Il 18 settembre 2024 un altro violento evento meteorologico colpì nuovamente la linea in corrispondenza della galleria San Cassiano (fra San Cassiano e Brisighella). A causa di una frana sulla sovrastante strada provinciale, materiale terroso e porzioni di calcestruzzo investirono l’infrastruttura ferroviaria, con gravi danni sia alle opere civili sia agli impianti di segnalamento e comunicazione.
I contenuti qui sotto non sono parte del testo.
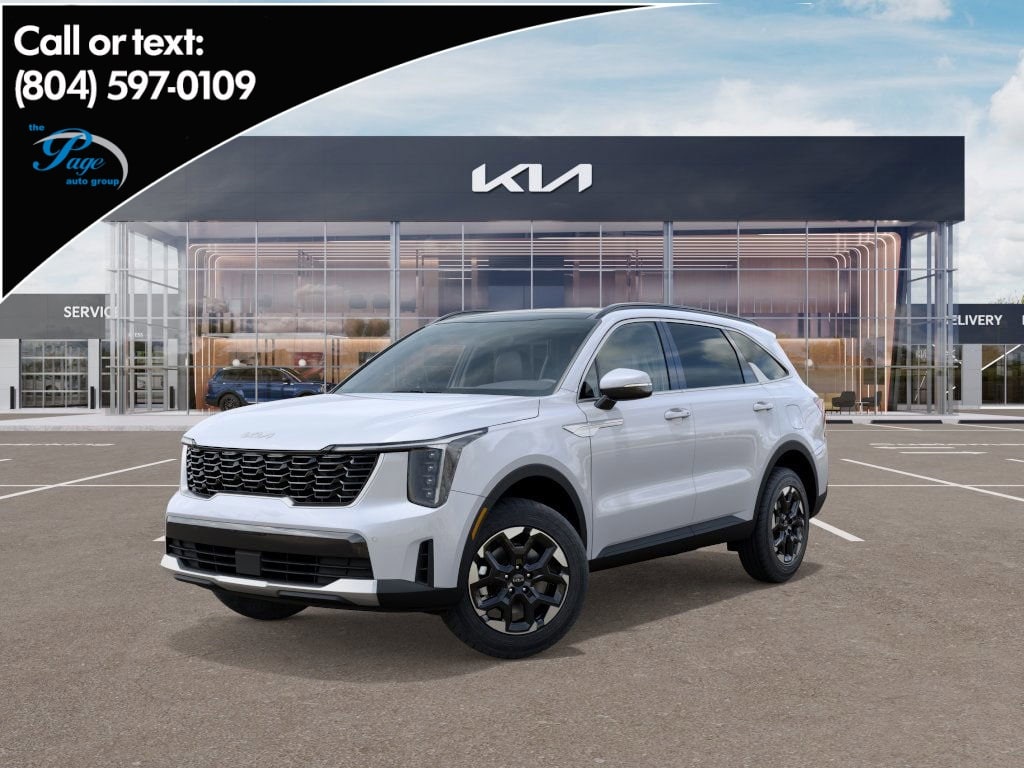 2026 Kia Sorento S's photo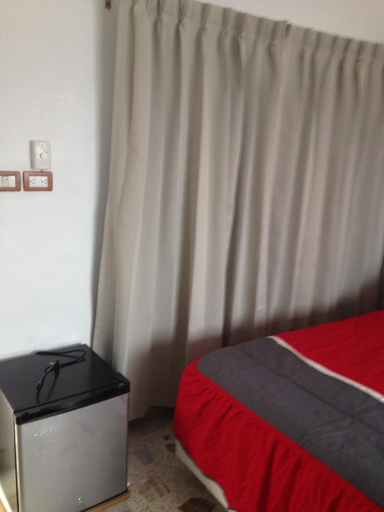 Bedroom 2, Hotel Claudia, Macuspana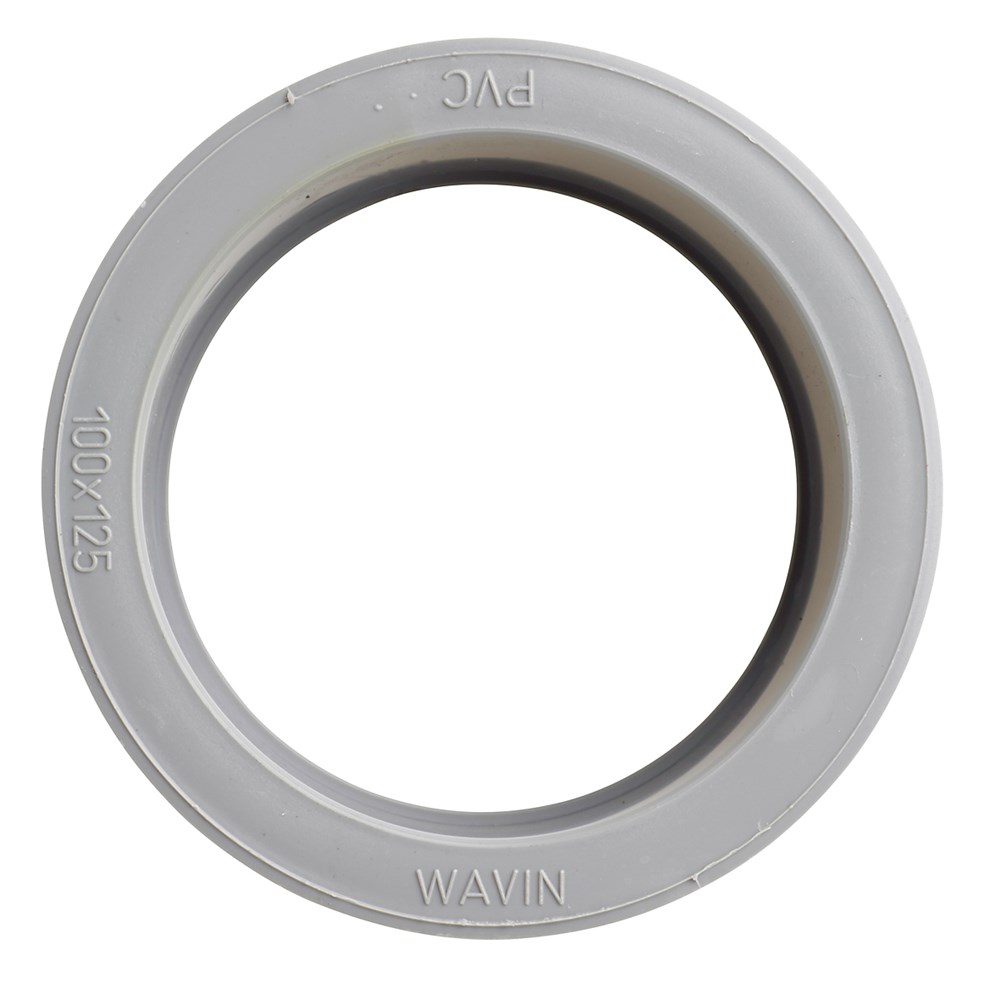 verloop pvc grijs hwa/rwa-2 verloop pvc grijs hwa/rwa-2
La riattivazione della linea avvenne l’11 ottobre.
LA CONVENZIONE PER IL RIPRISTINO E LA MESSA IN SICUREZZA DELLA LINEA
Al fine di avere piena conoscenza dello stato di sicurezza della tratta interessata dagli eventi metereologici del maggio 2023, RFI ha inoltre condotto un complesso studio di mappatura e analisi delle frane, che ha condiviso con le regioni Emilia-Romagna e Toscana già a inizio settembre 2023. Lo studio ha portato ad individuare oltre 250 frane, per la quasi totalità in aree non di pertinenza di RFI.
A valle delle indagini e degli studi geologici per la caratterizzazione delle aree, avviati a seguito degli eventi eccezionali, si è proceduto in più fasi all’affidamento della progettazione degli interventi di mitigazione del rischio idrogeologico; ad oggi sono già stati realizzati diversi interventi di ricostituzione e realizzazione di opere di protezione a difesa della sede ferroviaria, altri sono in fase autorizzativa ed altri ancora in progettazione.
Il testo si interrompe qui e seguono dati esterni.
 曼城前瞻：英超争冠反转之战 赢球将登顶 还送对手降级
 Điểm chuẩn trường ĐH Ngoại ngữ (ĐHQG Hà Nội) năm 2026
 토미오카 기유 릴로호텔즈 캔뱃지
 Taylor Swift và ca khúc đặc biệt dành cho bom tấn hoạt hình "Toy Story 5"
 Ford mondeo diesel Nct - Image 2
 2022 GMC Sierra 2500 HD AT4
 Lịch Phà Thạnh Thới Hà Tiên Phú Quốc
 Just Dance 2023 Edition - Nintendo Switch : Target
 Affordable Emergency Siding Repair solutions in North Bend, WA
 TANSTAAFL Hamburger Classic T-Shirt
Il 20 dicembre 2024 è stata sottoscritta la “Convenzione Quadro per gli interventi finalizzati alla definitiva messa in sicurezza e al definitivo ripristino degli impianti ferroviari danneggiati dagli eventi alluvionali nel territorio delle regioni Emilia-Romagna, Toscana e Marche, verificatisi a far data dal 1° maggio 2023, nonché agli interventi di contrasto al dissesto di versante incombente sugli impianti ferroviari e sulle aree contigue” tra il Commissario Straordinario alla ricostruzione nel territorio delle regioni Emilia-Romagna, Toscana e Marche e Rete Ferroviaria Italiana. Tale convenzione regolamenta e disciplina i rapporti tra il Commissario straordinario e RFI in qualità di Soggetto Attuatore, con uno stanziamento complessivo per quanto attiene la linea Faentina di oltre 31 milioni di Euro, di cui circa 19 milioni di fondi PNRR.
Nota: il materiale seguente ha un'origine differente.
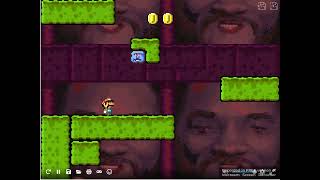 Fugindo da lava, (Mario's Mystery Meat by Eminus) Parte 15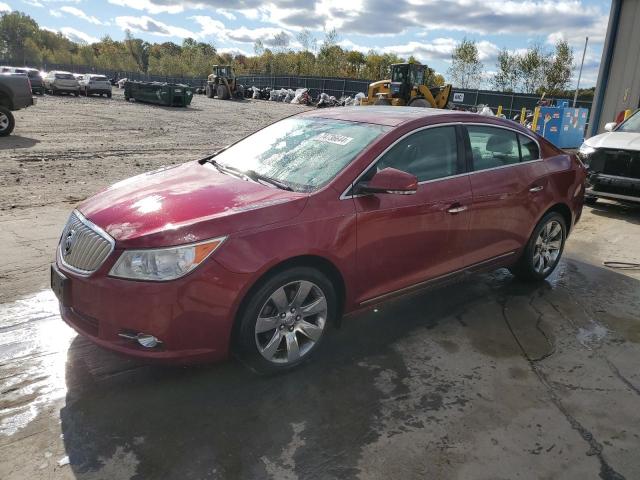 2011 Buick Lacrosse Cxl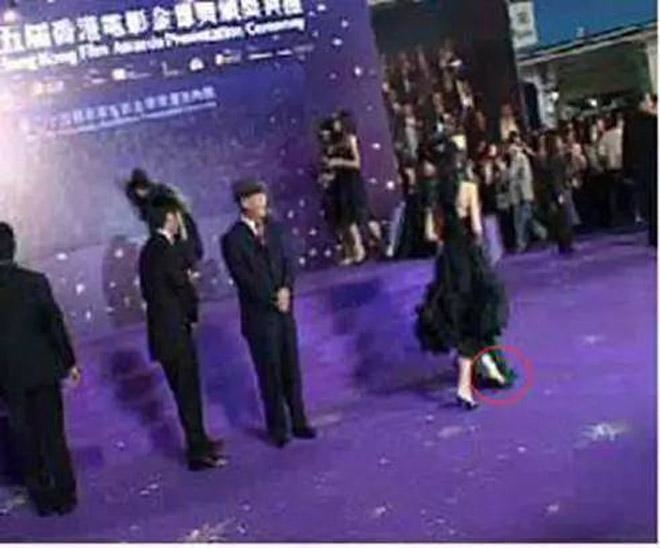 Cuộc đời Tịnh Sơ xuống dốc không phanh vì lỡ đắc tội Phạm Băng Băng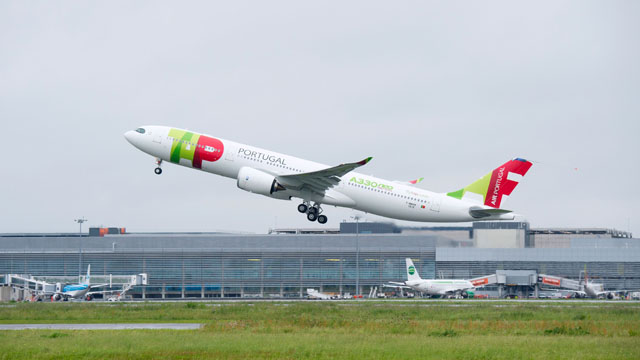 Airbus A330neo für TAP Portugal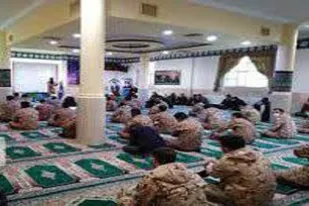 تجمع فاطمی در بوکان برگزار شد
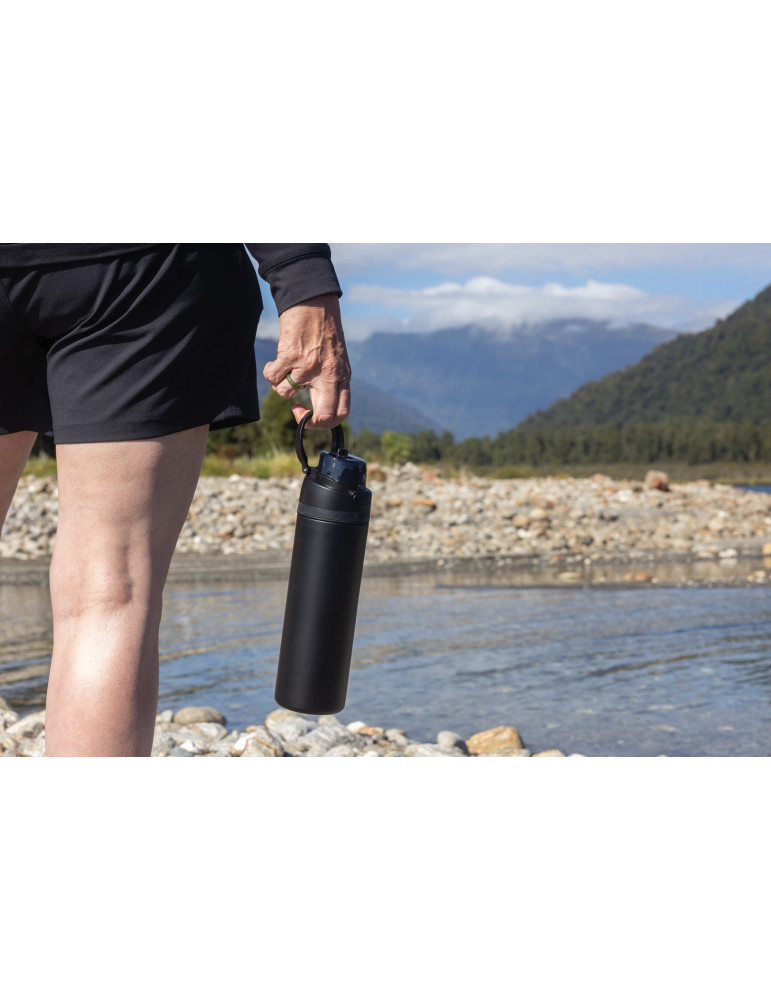 Gourde Omni Sip 720 ml en acier RCS personnalisable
IL POTENZIAMENTO TECNOLOGICO DELLA LINEA
La linea Faentina è attualmente oggetto anche di interventi di potenziamento tecnologico da parte di RFI. In particolare, sono stati avviati i lavori per l’attivazione dell’ERTMS, il più evoluto sistema per la supervisione e per il controllo del distanziamento dei treni, in grado di aumentare l’affidabilità dell’infrastruttura e la flessibilità nella gestione del traffico con vantaggi in termini di velocità del servizio e migliore gestione dei passaggi a livello. L’installazione di questo nuovo sistema tecnologico, che prevede un investimento totale di 140 milioni di euro, rientra nel Piano Nazionale di Ripresa e Resilienza. L’installazione del nuovo sistema ERTMS riguarda tutto il bacino della Faentina - ossia le linee da Firenze e da Pontassieve verso Faenza passando per Borgo San Lorenzo – e si svilupperà per fasi, con tempi di attivazione ad oggi previsti entro il 2029.